Je mehr ich über die Sucht las, desto mehr erklärte es unsere Einstellung zum Ramadân, bis ich auf einige Wissenschaftler traf, die erklärten, dass die Sucht eine Fehlfunktion des Gehirns sei, selbst wenn der Abhängige die Droge nicht aktiv benutzt. Zuvor wurde die Sucht immer ausschließlich als ein Geisteszustand angesehen, von dem man sich loslösen kann, wenn man den Willen dazu hat, ihn zu überwinden. Mit diesen neuen Befunden könnten viele, die dazu neigen, dem Schicksal für ihren Zustand die Schuld zuzuweisen, jetzt auch auf die Vernetzung ihrer Gehirnzellen hinweisen.
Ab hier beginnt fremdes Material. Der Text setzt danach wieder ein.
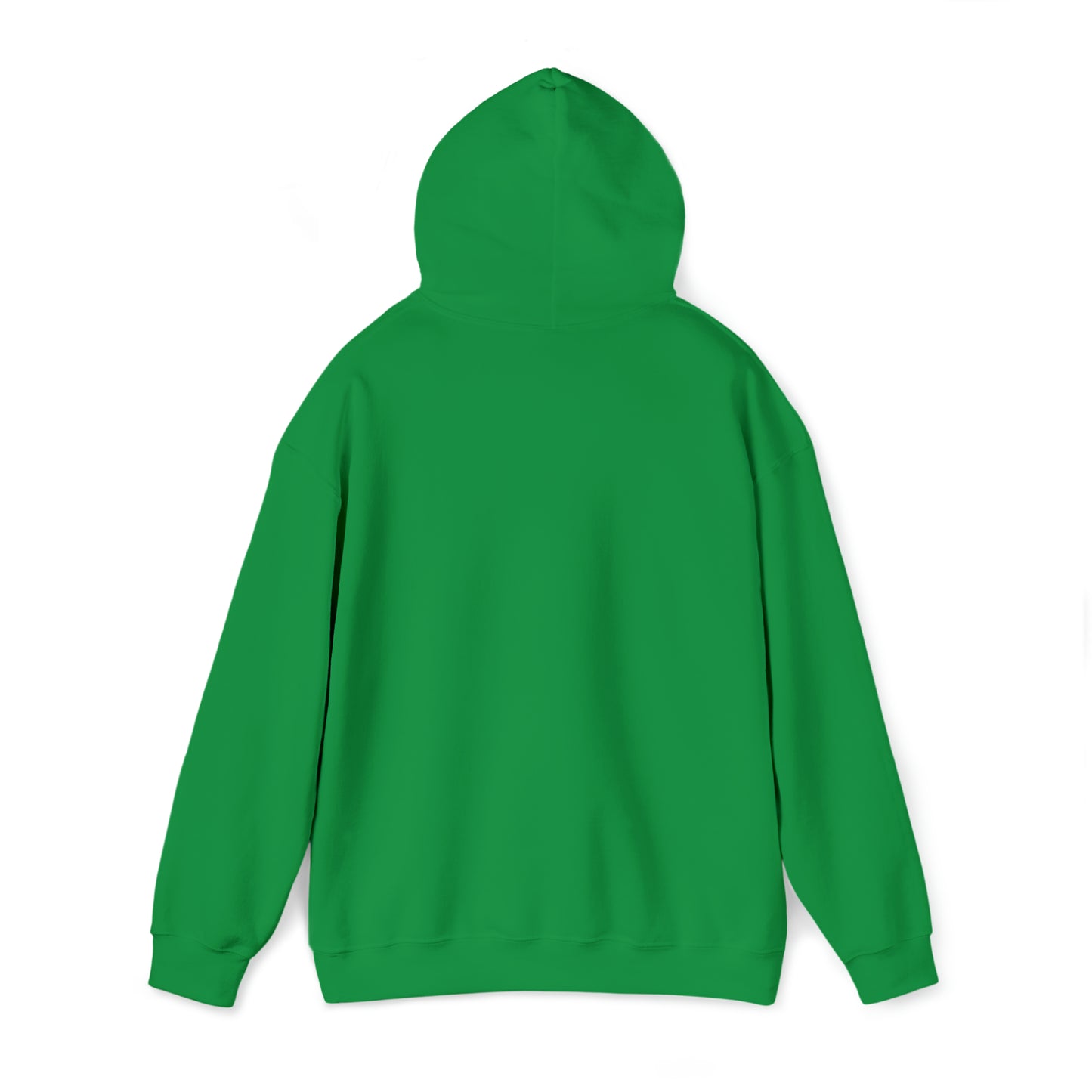 Mischief Manager Hogwarts express Alumni hoodie plat 9 3/4 Universal Studios Shirts wizard House School Christmas gift for her gift for him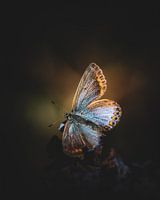 The female icarus bluebird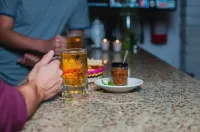 Hotel Del Rio - bar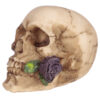 SK289_006 Gothic Skulls and Roses Ornament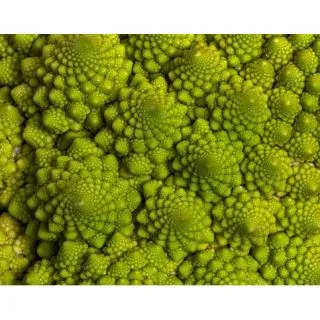 Compra COLIFLOR ROMANESCO ECOLÓGICO MSE6 en la tienda online Fito Agrícola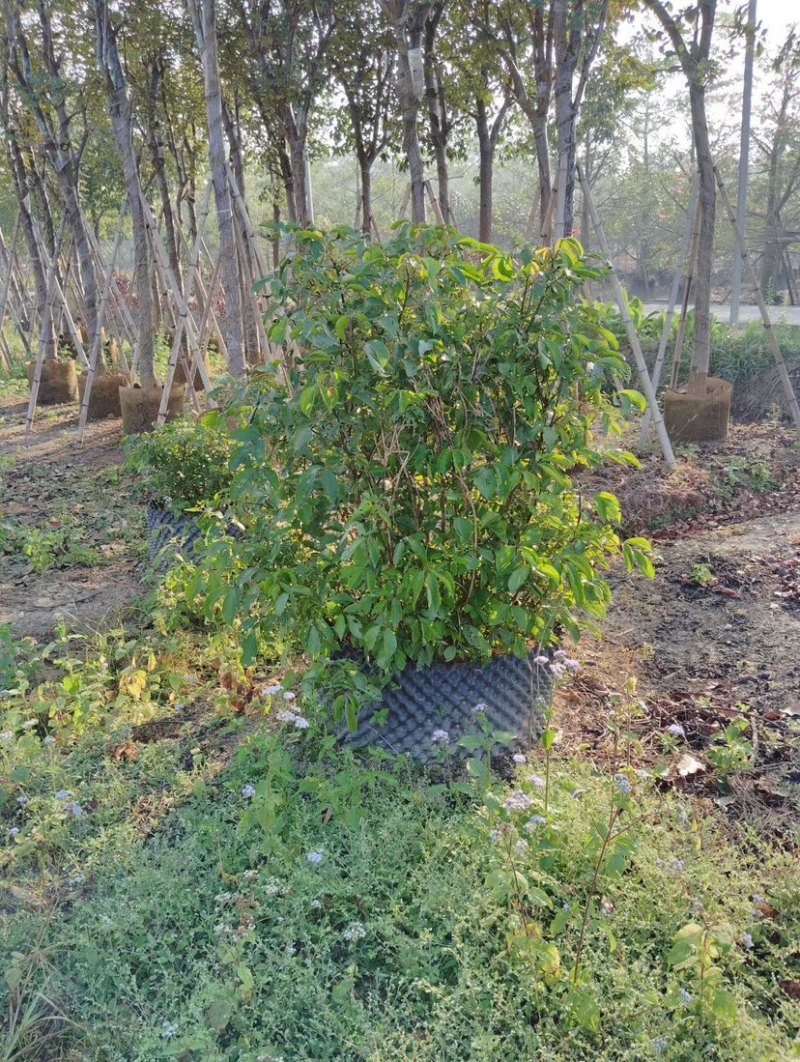 秋枫球基地直销规格齐全欢迎老板来电咨询合作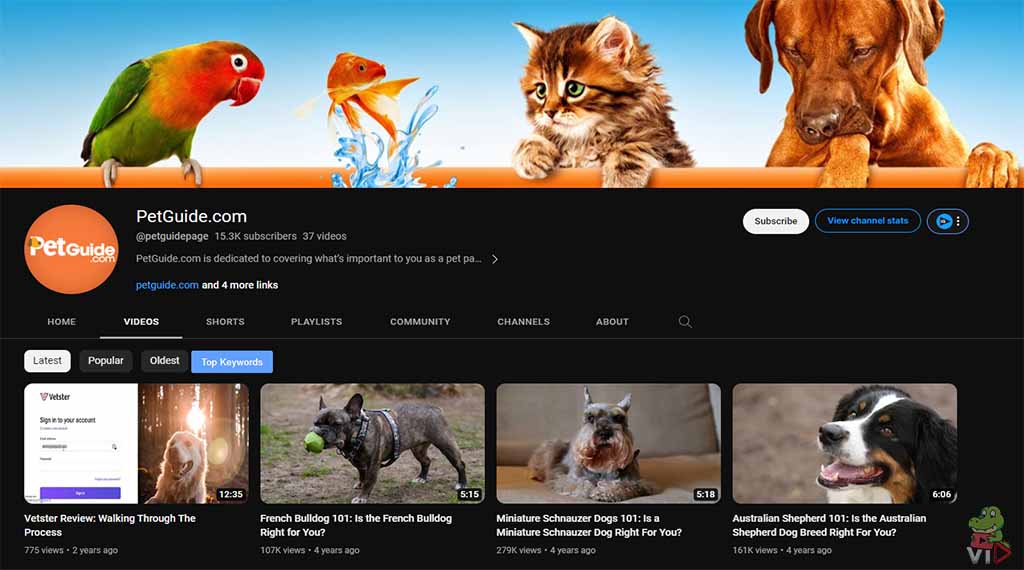 PetGuide.com - Pet YouTube Channel Ideas (With 13 Examples)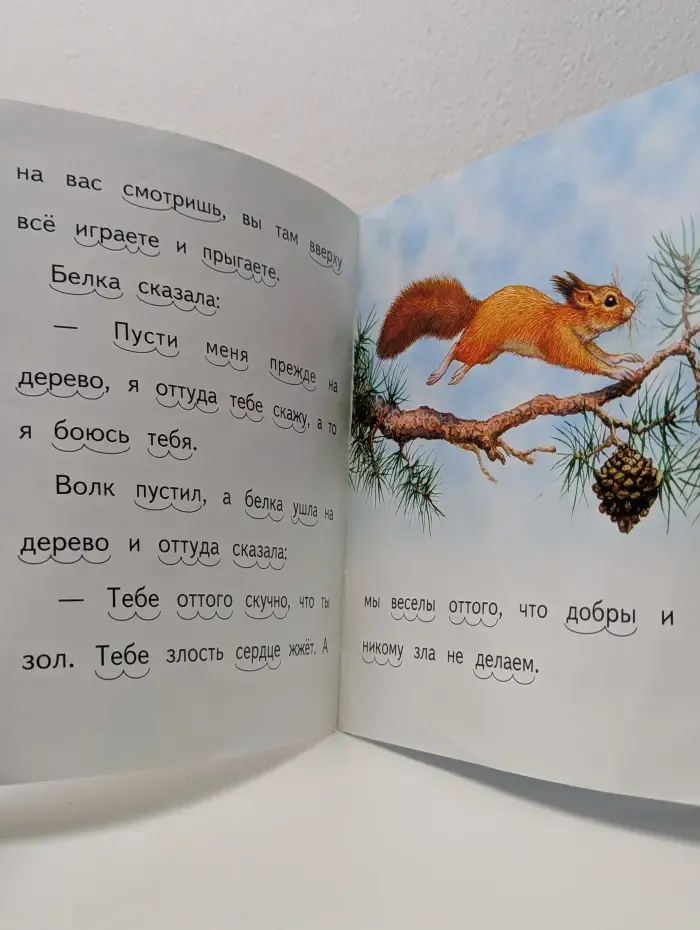 Белка и волк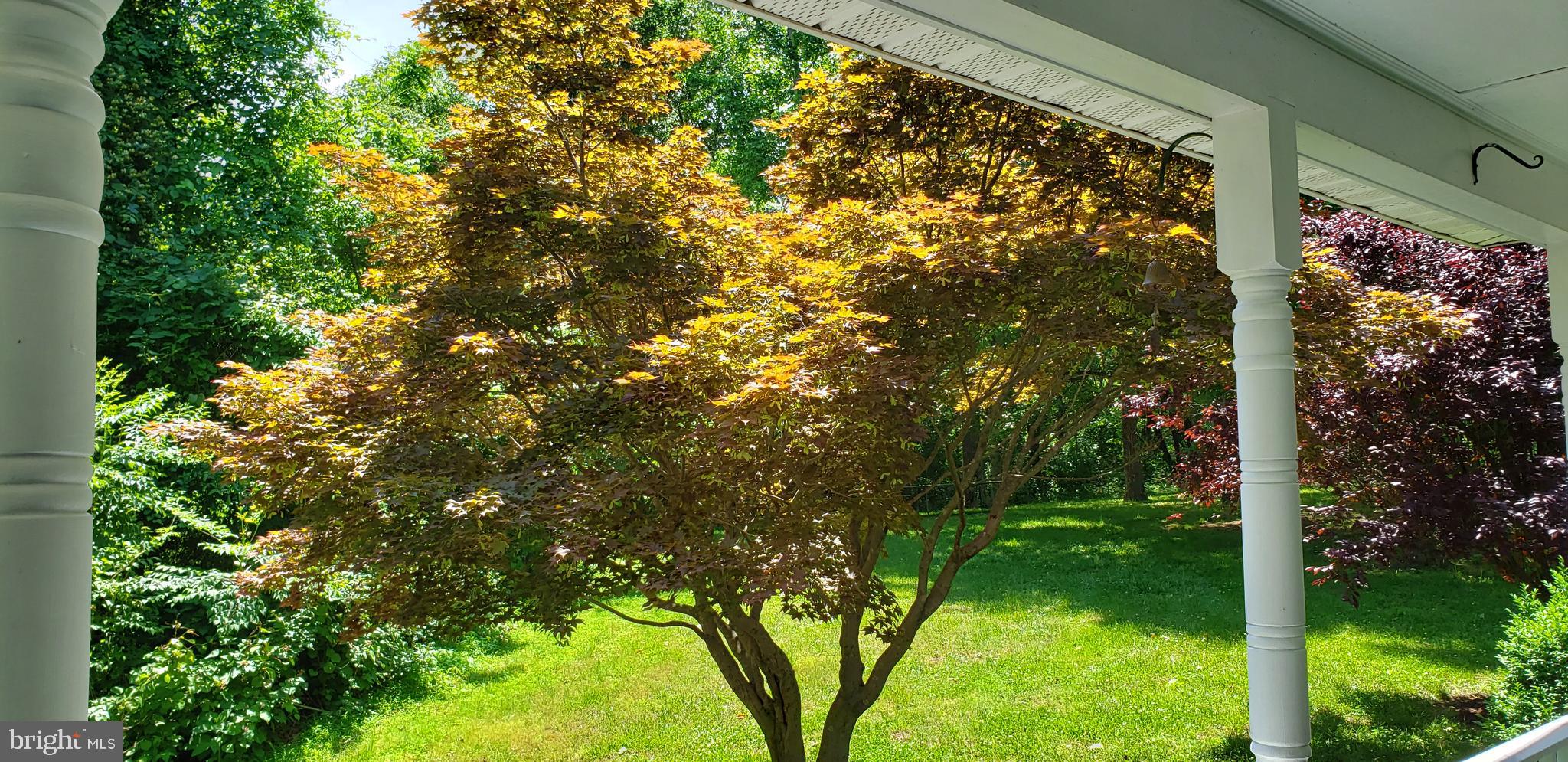 1561 German Chapel Road Prince Frederick, MD 20678 - Photo 4 of 86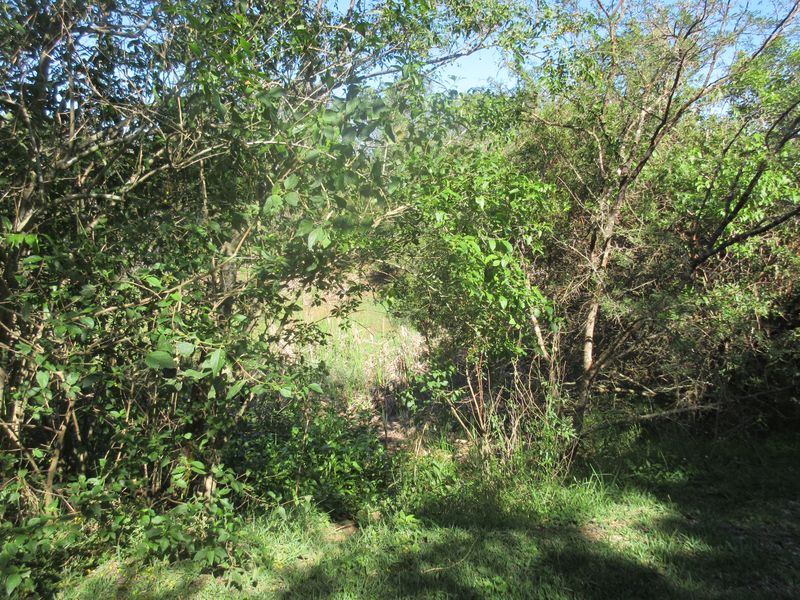 A view of a densely vegetated area on the residential land, featuring mature trees and natural ground cover.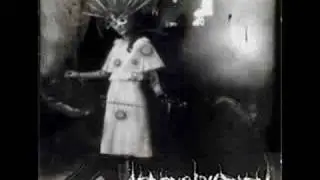 Heaven shall Burn - Voice of the Voiceless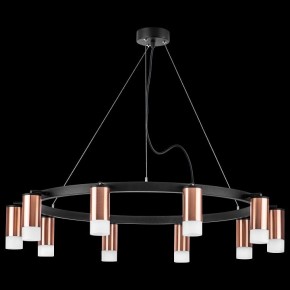 Подвесная люстра Lightstar Rullo LR0203001 в Лесном - lesnoy.mebel24.online | фото 3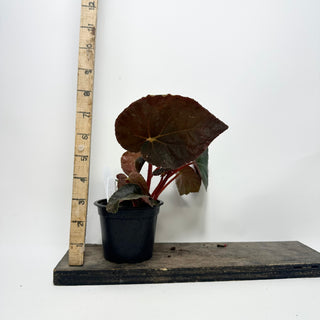 Begonia 'Steve's Leaves Bloodmoon' [#2018]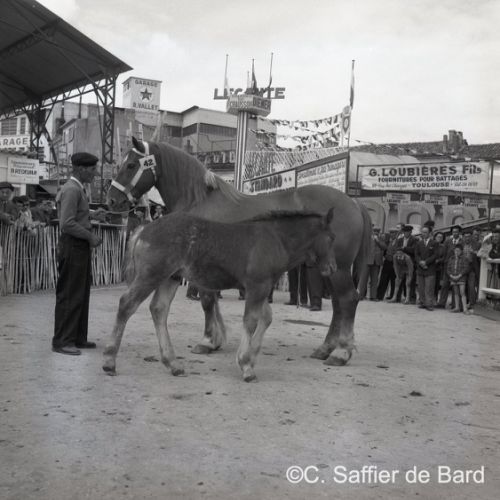 Concours de chevaux à la foire exposition d'Angoulême place du Champ de Mars.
Wenn wir also nicht nach Entwöhnung von unserer Sucht nach unserem Leben durch den Entzug, den der Ramadân bietet, streben, wird unser Wunsch diesen Weg weiter bergab zu gehen uns noch schlimmer machen. Allâh der Erhabene sagt: „Und jene, die sich Unsertwillen abmühen, werden Wir ganz gewiss auf Unsere Wege leiten. Und wahrhaftig, Allâh ist gewiss mit den Gutes Tuenden!“ (Sûra 29:69).
Nur wenn wir erkennen, dass wir den Ramadân brauchen und wollen, dass er uns von unserem Lebensstil, nach dem wir süchtig sind, entgiftet, wird Allah uns helfen den Weg zur Besserung zu sehen.